Twenty-nine people were "let go" from our company yesterday. Regular income, health insurance, friendships and projects now are gone. Dust.
I was told my position would not be affected. My position was not. But my position is not me. Two ladies I will miss especially. C and K managed the small cafeteria in our building. Some would not touch their fare deeming it too starchy or too common. I ate as much of it as I could afford. I work on the third floor and truck in words and sentences. They worked on the ground floor and created dishes out of Velveeta cheese and butter. My walk down to their area always seemed to ground me, remind me of first things: food, drink, breath, laughter, friends. Dust.
My little girl had an accident at school yesterday; she peed her pants. Why? I don't know. Why does anybody pee their pants? In the rush of after-school-do-your-homework-let's-get-ready-for-church, her story was I spilled my drink. The confession just before leaving the house left no time to change. She sat close beside me during the Ash Wednesday service, smelling of urine and little girl. Dust.

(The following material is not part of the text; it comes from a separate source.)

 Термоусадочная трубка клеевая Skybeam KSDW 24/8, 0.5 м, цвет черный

Her confession led to anger, frustration, sadness: Why didn't you tell the truth? Then tears, harsh words, several of the deadly sins. As I pulled out of the driveway with a vanload of people having the same last name as me, there was fury: Why in the name of God almighty are we going to church tonight? Huh? Somebody tell me. Dust.

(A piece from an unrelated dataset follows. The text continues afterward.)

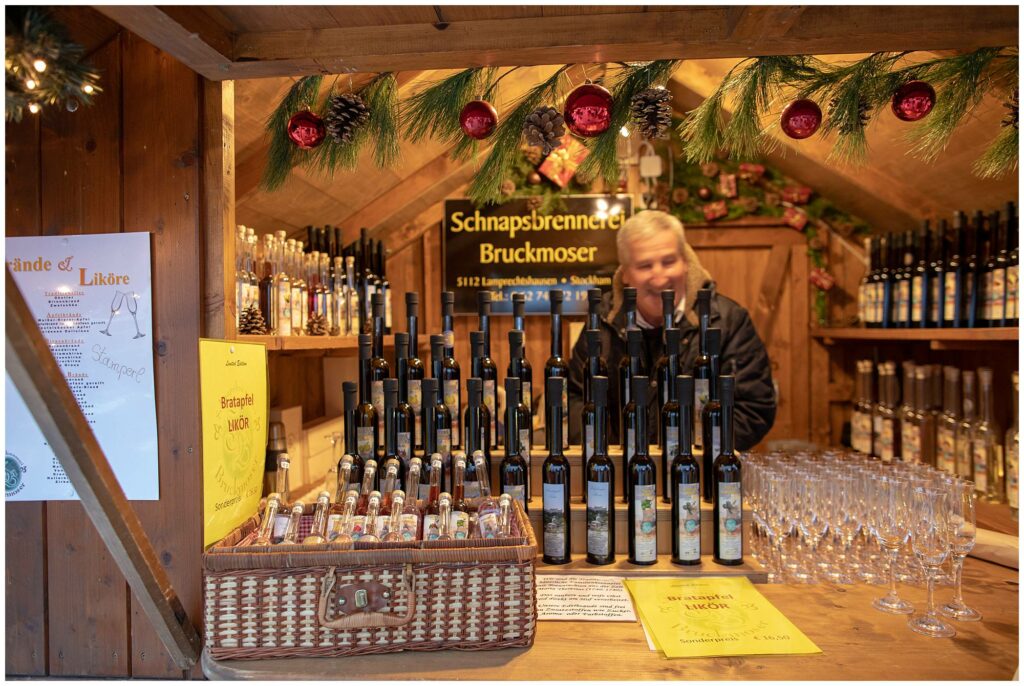 What to buy in Salzburg at Christmas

The church was filled with people, many more than they'd anticipated. Before entering the sanctuary, I bent my six-foot frame to forty-one year old knees and felt the priest's thumb: Remember that you are dust, and to dust you shall return. It was as if the ashes were still hot.
We all came from different places to have a spiked-hair priest tell us something we already knew. I'd had dust in my mouth all day. But the conclusion of the service surfaced another "remember": remember me when you come into your kingdom. The dust-pocked thief on the cross, hanging by tendons and a prayer. Me.
Almighty, remember us. Please, O God, do not forget us. We have lost our jobs, our way. We have peed and shit ourselves and lied about it, thinking, hoping no one would know. We have grown angry at those so fresh from you and the fruit was anger, wrath. We have spoken words like sticks and stones, words that hurt. We have wrapped ourselves in ourselves and told everybody else to kiss our ass. We've had black-thumbed priests press ashes into our alpha-hydroxy-ed skin and we've risen to then sit before one another, forced to see the marks. Thieves, one and all. Dust.
You hate nothing you have made and forgive the sins of all who are penitent. You have put us in mind of the message of pardon and absolution. Remember us. Remember me. Amen.